The remaining Windows virtual machines ran fairly well also. My only concern right now is whether or not the Windows drivers supplied with Fusion will need to be updated or not. So far I don’t see any thing that indicates this is the case.

The only annoying thing was this — Fusion initially asked me about the CD/DVD drive that I don’t have. I asked it to ignore it, but it continued to stop the virtual machine start-up with a pop-up that I had to click-through. I might be missing something and need to take a close look at this. I think I can get rid of it permanently.

Parallels Desktop 6 for Mac

I tested Parallels with the following virtual machines: Mac OS X Snow Leopard Server 10.6.4, Microsoft Windows 7 64-bit, and Windows XP.

I’m happy to report that each of the virtual machines tested ran without any major problems. I did not encounter any problems with Parallels during my testing.

The problem I encountered in Fusion about the missing CD/DVD drive wasn’t evident or Parallels didn’t seem to care about it. Instead Parallels booted each virtual machine without bothering to tell me about the missing hardware on the host computer. It was one less bothersome pop-up to deal with.

Overall the speed and responsiveness of the virtual machines was just as acceptable as they were with Fusion.

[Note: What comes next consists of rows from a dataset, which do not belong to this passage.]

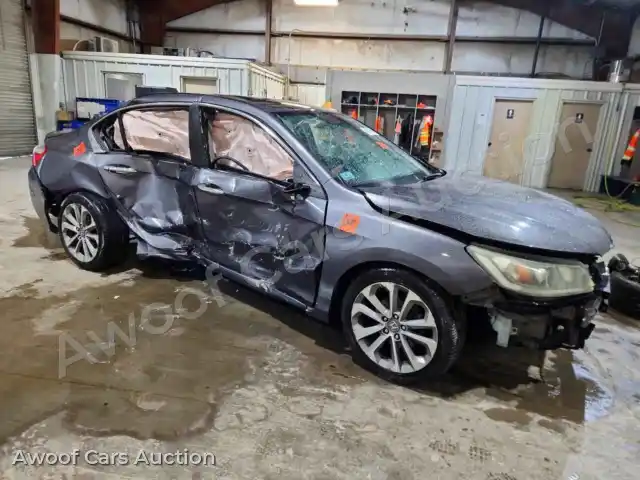 2013 Honda Accord 1HGCR2F54DA094645 — Copart auction photo 4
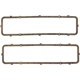 Purchase Top-Quality Valve Cover Gasket Set by FEL-PRO - VS5395 pa6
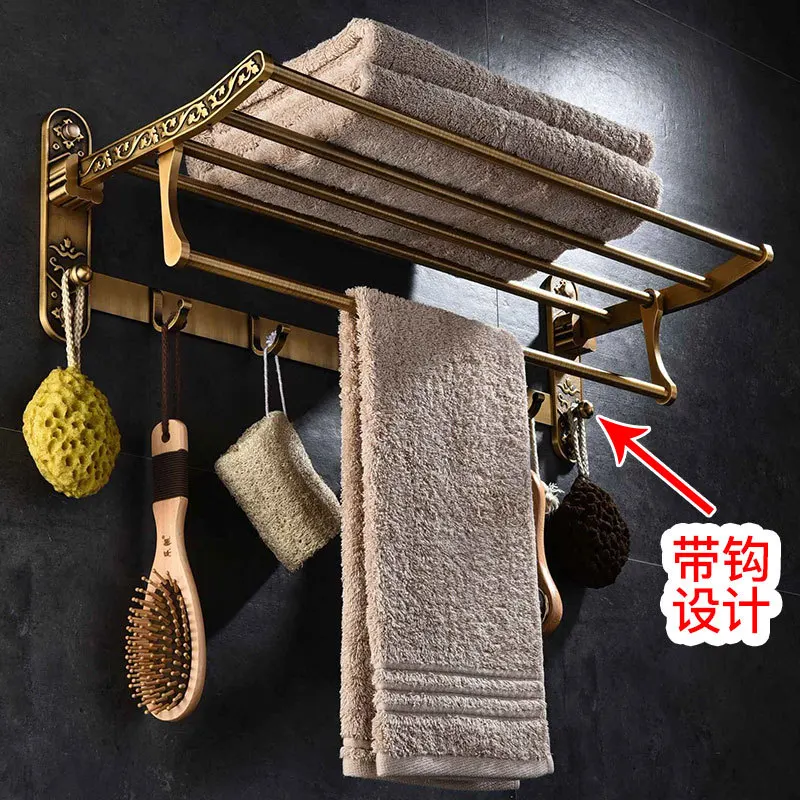 Европейский стиль пространство алюминиевый античный резной набор оборудования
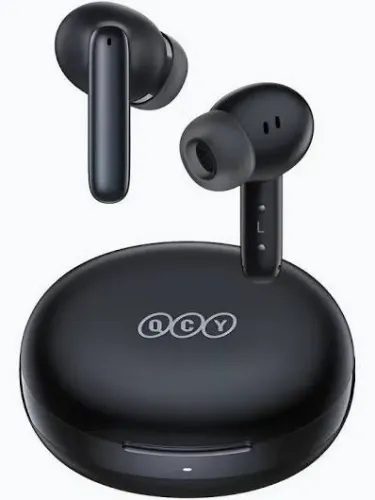 Fone de Ouvido QCY T13 ENC Bluetooth 5.1 TWS Sem Fio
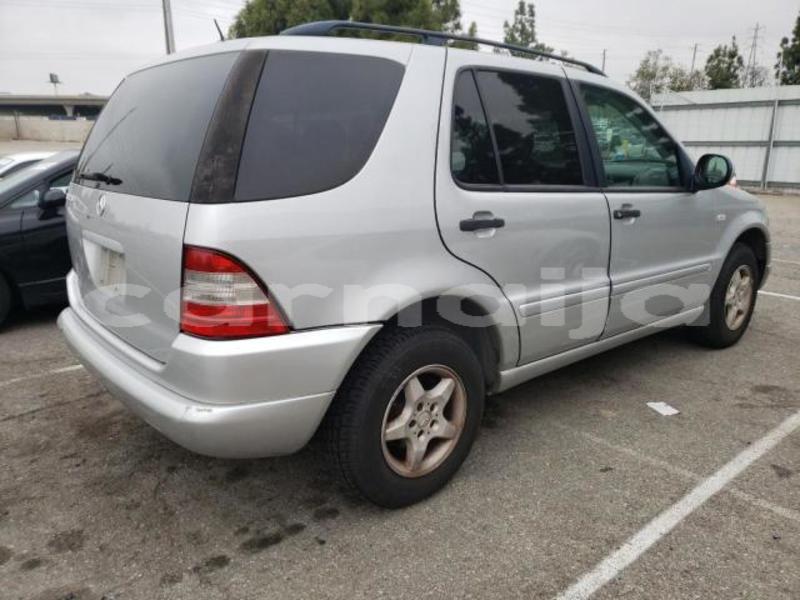 Big with watermark mercedes benz ml class lagos state lagos 46523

Snow Leopard Server on Parallels also ran software update a lot faster than I would have expected it too. I’m just as happy with the performance of Parallels as I am with Fusion.

One interesting thing did happen however when I tested Windows XP. Windows told me that my “hardware” had changed significantly and I had to re-activate Windows. It reactivated without a hitch, but seeing that when I didn’t see it in Fusion was interesting.

I converted my Windows 7 64-bit virtual machine from Fusion file format to Parallels. It worked like a champ and it was quickly converted by Parallels and ready to run in less time than I would have expected.


These are my initial test results late on a Friday night after a long week. So if I’ve missed something or you have something to contribute please leave a comment with your feedback.

I did not clock or use a stop watch while testing these applications and I’m basing my comments on my perception. I’ve used both of these applications for a long time and I’ve had a lot of experience using VMWare’s products in Windows client and server environments.

I had one other problem more related to the MacBook Air’s USB ports than the virtual machines. A number of these virtual machine files had a rather large file size foot print. Therefore, I opted to copy them to a USB drive from my iMac or MacBook Pro and then to the MacBook Air. I ran into a problem with the bus powered HDD enclosure, Other World Computing’s OWC Mercury On-the-Go Pro, I was using with a small 80GByte drive.

It flat-out would not work and the computer would never recognize it. I know this isn’t the case with other drives, since my editor Leander told me a drive he tried,  iOmega eGo drive, worked just fine. I’m going to call Applecare  and Other World Computing to find out what might have caused this problem. I’ll report back with the results of that query in a separate post.

[Update 10/30/2010 07:34 AM PDT: Contacted OWC tech support performed drive reset and PRAM reset on MacBook Air. The external drive will now mount on either USB port without an external A/C adapter.]

Overall it looks like the MacBook Air is going to be an all around better machine than I thought it would me. I’m glad now that I upgraded from the base-model 13-in MacBook Air to the one with a faster CPU, more memory, and significantly more disk space. As far as the Macbook Air goes I have to say thumbs up Apple you got this one right. I can do a lot more with it than I ever thought of doing with previous models.